3. They muddle through just like us – continuing to grow but continuing to face the same challenges they have now, which, if nothing else, will significantly constrain the international role each of them can play. This is the least interesting outcome, but the most likely.

Regardless of which scenario is correct, however, the economic consequences for us are not that different because they are an inevitable consequence of globalization and growth elsewhere, not just in those countries:  

  •  U.S. manufacturing will continue to lose jobs while improving productivity. We have been losing manufacturing jobs for 40 years, but mostly to technology – not China. The Chinese have actually lost millions more manufacturing jobs than we have.
  • Like everyone else, the United States must deal with the psychological and economic consequences of globalization in terms of lost jobs and devastated communities. The economic gap between the top and bottom in our society is getting worse and our adjustment programs to deal with it do not work well. A study released last month by the Financial Services Forum has some innovative ideas in this area that deserve attention.
  •  We should be wary of our increasingly precarious global financial position. We are deeply in debt to the Chinese, which increases their potential leverage over us, even though they could not exercise it without taking an enormous financial hit. For all of our economic might, I doubt that we can ignore economic fundamentals forever, and markets will one day decide one day that a declining dollar, massive debts and deficits, and low returns on T-bills are reason enough to flee the U.S. economy. The issue will be hard landing or soft landing, and the longer we do nothing, the more likely it will be the former.

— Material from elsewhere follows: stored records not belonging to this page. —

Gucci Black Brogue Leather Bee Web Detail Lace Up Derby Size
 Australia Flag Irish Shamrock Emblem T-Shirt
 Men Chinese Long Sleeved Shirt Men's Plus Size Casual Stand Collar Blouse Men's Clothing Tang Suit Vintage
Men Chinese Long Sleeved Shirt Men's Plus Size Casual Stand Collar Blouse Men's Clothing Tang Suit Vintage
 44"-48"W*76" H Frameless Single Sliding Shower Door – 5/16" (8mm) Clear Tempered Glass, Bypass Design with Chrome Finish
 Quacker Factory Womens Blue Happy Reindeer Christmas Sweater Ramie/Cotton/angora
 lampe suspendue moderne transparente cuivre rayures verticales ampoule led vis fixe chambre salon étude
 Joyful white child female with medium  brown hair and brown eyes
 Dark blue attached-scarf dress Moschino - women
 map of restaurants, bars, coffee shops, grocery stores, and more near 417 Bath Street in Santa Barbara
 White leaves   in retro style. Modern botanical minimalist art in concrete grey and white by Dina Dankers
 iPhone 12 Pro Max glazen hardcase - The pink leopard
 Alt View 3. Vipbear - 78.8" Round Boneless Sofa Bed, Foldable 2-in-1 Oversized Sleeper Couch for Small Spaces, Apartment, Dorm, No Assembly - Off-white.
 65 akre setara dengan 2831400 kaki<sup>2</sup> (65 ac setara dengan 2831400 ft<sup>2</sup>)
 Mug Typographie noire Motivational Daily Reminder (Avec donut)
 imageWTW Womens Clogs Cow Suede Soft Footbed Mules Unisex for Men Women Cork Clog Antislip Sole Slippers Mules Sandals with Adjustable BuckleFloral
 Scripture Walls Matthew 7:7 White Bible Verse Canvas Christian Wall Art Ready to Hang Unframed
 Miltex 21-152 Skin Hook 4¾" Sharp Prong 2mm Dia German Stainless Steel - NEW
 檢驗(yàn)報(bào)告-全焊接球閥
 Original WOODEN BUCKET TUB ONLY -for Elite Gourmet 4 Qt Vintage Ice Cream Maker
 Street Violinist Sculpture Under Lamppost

In spite of all these challenges, the good news is that doing something about many of them is under our control, not anyone else's. We can choose the right tax, trade and immigration policies that encourage foreign investment and make the United States a welcoming place to visit, live and work. We can choose to improve our educational system and can create a 21st Century workforce. We can choose to address the massive imbalances in our trade and current accounts.

 

The one thing we know for sure is that the rest of the world, particularly China and India, will continue to run faster, so it falls to us to pick up the pace if we want to retain our global position.